── SUPPLIED DATA

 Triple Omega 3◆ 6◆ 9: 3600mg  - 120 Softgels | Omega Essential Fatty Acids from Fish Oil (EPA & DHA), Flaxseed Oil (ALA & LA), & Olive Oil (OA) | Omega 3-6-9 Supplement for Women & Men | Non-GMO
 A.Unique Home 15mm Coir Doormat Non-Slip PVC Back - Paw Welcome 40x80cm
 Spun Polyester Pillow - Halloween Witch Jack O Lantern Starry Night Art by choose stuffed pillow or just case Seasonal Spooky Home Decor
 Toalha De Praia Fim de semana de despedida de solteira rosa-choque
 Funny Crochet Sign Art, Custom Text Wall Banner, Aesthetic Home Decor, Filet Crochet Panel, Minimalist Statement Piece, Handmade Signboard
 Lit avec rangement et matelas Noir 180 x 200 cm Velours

────
── SUPPLIED DATA

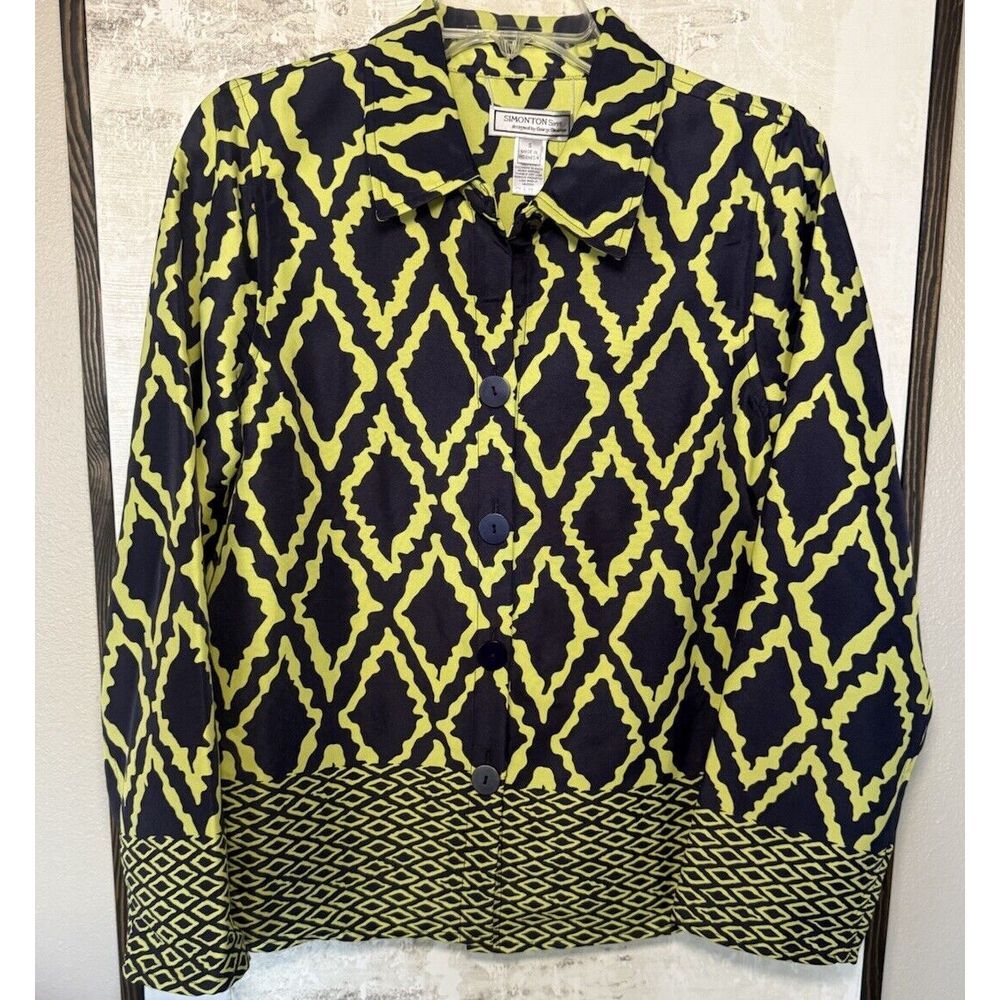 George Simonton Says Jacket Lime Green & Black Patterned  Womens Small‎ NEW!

────

[AIM OF THE TASK]: In the records above, find the line with "Spun Polyester Pillow"; write out exactly that line and each one after it, stopping after the line with "Lit avec rangement".

[SOLUTION FOR THIS EXERCISE]:
 Spun Polyester Pillow - Halloween Witch Jack O Lantern Starry Night Art by choose stuffed pillow or just case Seasonal Spooky Home Decor
 Toalha De Praia Fim de semana de despedida de solteira rosa-choque
 Funny Crochet Sign Art, Custom Text Wall Banner, Aesthetic Home Decor, Filet Crochet Panel, Minimalist Statement Piece, Handmade Signboard
 Lit avec rangement et matelas Noir 180 x 200 cm Velours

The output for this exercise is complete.